What about a Figi mermaid?


----------



## Wolfbeard (Sep 22, 2008)

We did a Scary Tales theme one year. I needed a space filler, so threw together a "Little Mermaid" meets "Deadliest Catch" prop.










Simple, but it received some nice comments at our party.

Eric


----------



## halloween71 (Apr 22, 2007)

I did this one.


----------



## halloween71 (Apr 22, 2007)

Here is a link to my Halloween pirate theme I did one year 
http://www.halloweenforum.com/members/halloween71-albums-props-2011-a.html

http://www.halloweenforum.com/members/halloween71-albums-pirate-haunt-2011-a.html


----------



## Frightshow (Sep 14, 2015)

Hey TZGirls - 

We did Pirates last year and had an absolute blast - 7-foot cannon, selfie-pillory, Kraken Sea Monsters, and yes - a Mermaid. Our Mermaid was based upon another design from HF and used the clear packing tape concept to keep it lightweight. She was suspended in a fake tank of water with an underwater tank lighting effect. Some kids panicked when they saw her on the porch - it was terrible fun! Check out our builds through our profile!

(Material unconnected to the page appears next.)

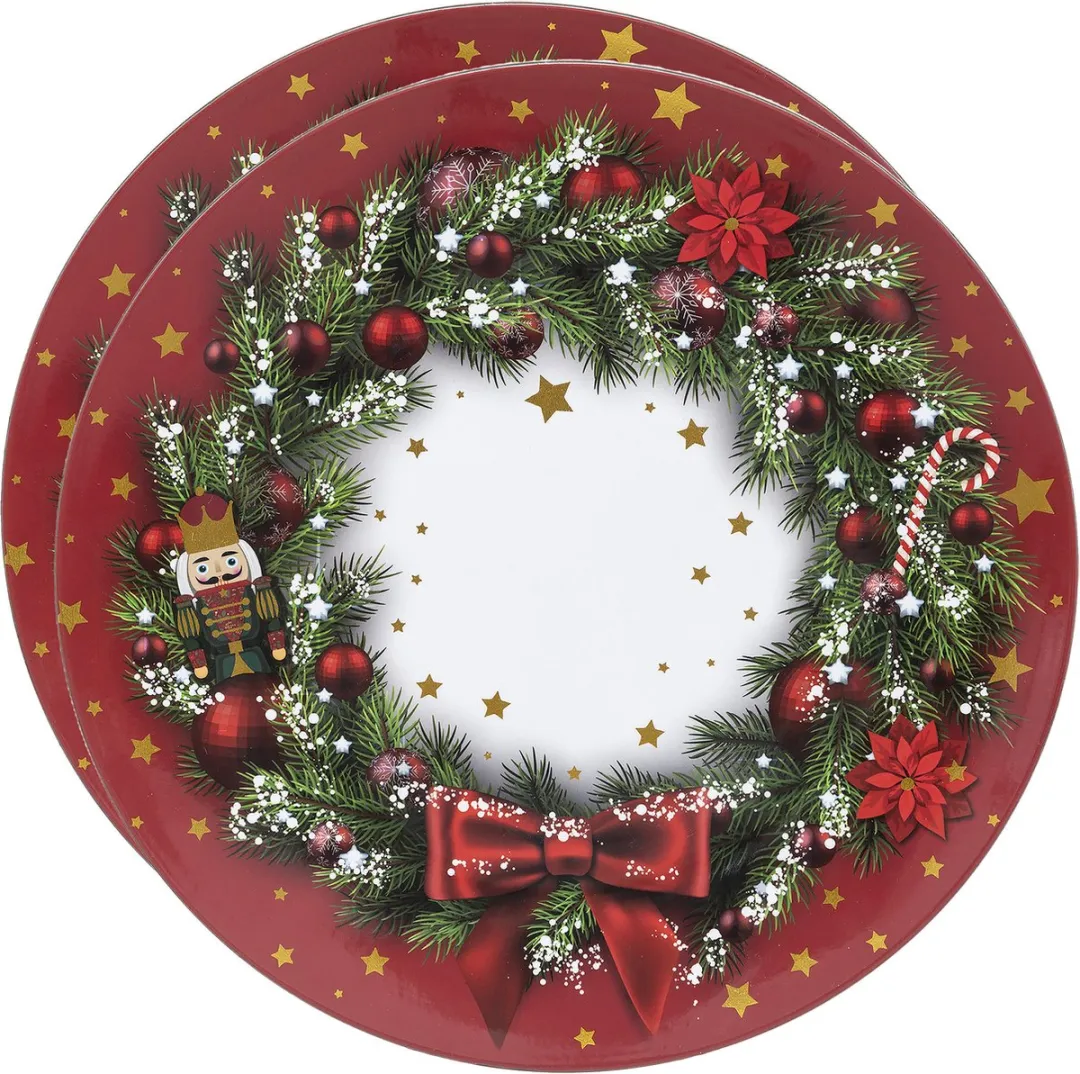 Bellatio Design Feeric Christmas Kerstonderbord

http://www.halloweenforum.com/tutor...e-themed-mermaid-prop-using-packing-tape.html


----------



## halloween71 (Apr 22, 2007)

Love the tut thanks fright show.


----------



## Hallow-art (Jul 20, 2015)

Frightshow said:


> Hey TZGirls -
> 
> We did Pirates last year and had an absolute blast - 7-foot cannon, selfie-pillory, Kraken Sea Monsters, and yes - a Mermaid. Our Mermaid was based upon another design from HF and used the clear packing tape concept to keep it lightweight. She was suspended in a fake tank of water with an underwater tank lighting effect. Some kids panicked when they saw her on the porch - it was terrible fun! Check our our builds through our profile!
> 
> ...


LOVE this mermaid!


----------



## tzgirls123 (Mar 22, 2016)

Cloe said:


> This is actually a GID pose and stay that I tried to repaint into a bone color..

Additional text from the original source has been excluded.